Fountains of Wayne, Sky Full of Holes
Featured Album
A rueful power-pop gaze at mortality
Fountains of Wayne’s characters have suffered from a variety of neuroses and tics — inappropriate attraction to a friend’s mom, a mistaken belief in the sex appeal of Subarus — but the misguided white-collar strivers on the Jersey band’s fifth album are coping with a more serious affliction: middle age. In “The Summer Place,” a 40-ish woman revisits the family beach house and remembers her passive-aggressive dad, Seagram’s-soused mom and teen days shoplifting and gobbling mushrooms.

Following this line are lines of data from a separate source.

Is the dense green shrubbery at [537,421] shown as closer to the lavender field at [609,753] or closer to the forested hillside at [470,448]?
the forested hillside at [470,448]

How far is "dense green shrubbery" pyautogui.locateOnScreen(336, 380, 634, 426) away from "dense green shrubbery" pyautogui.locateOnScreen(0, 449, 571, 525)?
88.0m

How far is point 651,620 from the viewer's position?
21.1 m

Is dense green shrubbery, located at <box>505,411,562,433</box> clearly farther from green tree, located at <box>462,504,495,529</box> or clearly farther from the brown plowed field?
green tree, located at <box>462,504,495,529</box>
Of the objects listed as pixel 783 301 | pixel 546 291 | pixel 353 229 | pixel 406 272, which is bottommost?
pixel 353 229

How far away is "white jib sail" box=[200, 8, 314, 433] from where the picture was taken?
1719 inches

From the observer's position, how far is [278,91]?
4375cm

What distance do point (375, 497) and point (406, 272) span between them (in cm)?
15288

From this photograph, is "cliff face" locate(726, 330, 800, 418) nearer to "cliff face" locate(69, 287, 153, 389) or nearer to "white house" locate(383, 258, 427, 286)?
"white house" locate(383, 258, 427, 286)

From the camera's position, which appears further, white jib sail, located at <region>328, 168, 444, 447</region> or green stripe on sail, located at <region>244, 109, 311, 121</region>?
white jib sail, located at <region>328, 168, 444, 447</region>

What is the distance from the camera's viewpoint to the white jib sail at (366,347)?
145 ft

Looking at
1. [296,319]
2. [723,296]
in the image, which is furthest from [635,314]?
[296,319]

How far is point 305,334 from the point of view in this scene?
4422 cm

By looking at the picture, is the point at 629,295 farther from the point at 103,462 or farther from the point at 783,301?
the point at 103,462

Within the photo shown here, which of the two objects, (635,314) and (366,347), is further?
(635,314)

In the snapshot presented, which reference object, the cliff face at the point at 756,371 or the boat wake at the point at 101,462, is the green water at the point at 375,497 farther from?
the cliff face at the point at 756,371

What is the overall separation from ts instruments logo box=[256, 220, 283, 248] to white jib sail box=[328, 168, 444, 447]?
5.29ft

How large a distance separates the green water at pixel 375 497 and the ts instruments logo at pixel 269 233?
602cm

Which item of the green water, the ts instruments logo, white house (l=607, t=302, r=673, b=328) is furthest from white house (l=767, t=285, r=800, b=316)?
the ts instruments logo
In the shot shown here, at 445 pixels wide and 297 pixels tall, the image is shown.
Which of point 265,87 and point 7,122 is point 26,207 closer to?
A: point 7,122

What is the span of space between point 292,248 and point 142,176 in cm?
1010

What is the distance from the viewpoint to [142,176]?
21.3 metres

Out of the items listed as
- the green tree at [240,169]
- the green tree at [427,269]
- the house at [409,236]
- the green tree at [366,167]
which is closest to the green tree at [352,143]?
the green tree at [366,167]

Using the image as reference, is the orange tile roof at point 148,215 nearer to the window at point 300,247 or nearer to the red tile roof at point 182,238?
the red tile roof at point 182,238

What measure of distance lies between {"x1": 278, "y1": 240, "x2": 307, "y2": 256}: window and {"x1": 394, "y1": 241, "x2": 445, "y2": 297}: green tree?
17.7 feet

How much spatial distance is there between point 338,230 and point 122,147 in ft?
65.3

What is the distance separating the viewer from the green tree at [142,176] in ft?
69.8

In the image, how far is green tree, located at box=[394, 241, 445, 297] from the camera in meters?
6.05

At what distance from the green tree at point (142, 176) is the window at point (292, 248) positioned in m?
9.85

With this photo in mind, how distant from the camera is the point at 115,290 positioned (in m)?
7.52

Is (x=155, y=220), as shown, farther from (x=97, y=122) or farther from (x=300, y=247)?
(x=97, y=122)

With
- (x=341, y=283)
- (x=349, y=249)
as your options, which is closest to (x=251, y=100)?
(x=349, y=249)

It’s a John Cheever novel set to a Raspberries beat. In “Action Hero,” a harried father can’t let go of his comic book notions of saving the world; the weight of failed expectations lands him in the hospital with “things taped to his chest.”
Since their 1996 debut, Fountains of Wayne have broken up, reunited, longed for hits and scored a minor one (“Stacy’s Mom,” off Welcome Interstate Managers); in the throes of their own no-longer-youth, songwriters Adam Schlesinger and Chris Collingwood seem to have accepted the idea that they’re here to stay, crafting overly smart, post-New Wave guitar-and-keyboard pop for a posse of diehards and the occasional besotted bar crowd. Sky Full of Holes isn’t as jarringly disco-fied as Traffic and Weather was in 2007, but it also lacks a lethal hook on the level of their still-greatest song, “Radiation Vibe.” It’s softer and subtler, with less to prove but plenty of low-key grace. “Cold Comfort Flowers” invents the genre of MOR-psychedelia, combining weird plinky keyboards, classic rock guitar fills, a quaalude rhythm and quasi-spiritual lyrics about sad people “climbing toward the spots in the sun.” The closing track, “Cemetery Guns,” also has death on the brain. If you saw yourself in the clueless-loser anthems of previous albums, beware — you might just see yourself here, too, on the crest of a hill, staring down at grave flowers doomed to decay.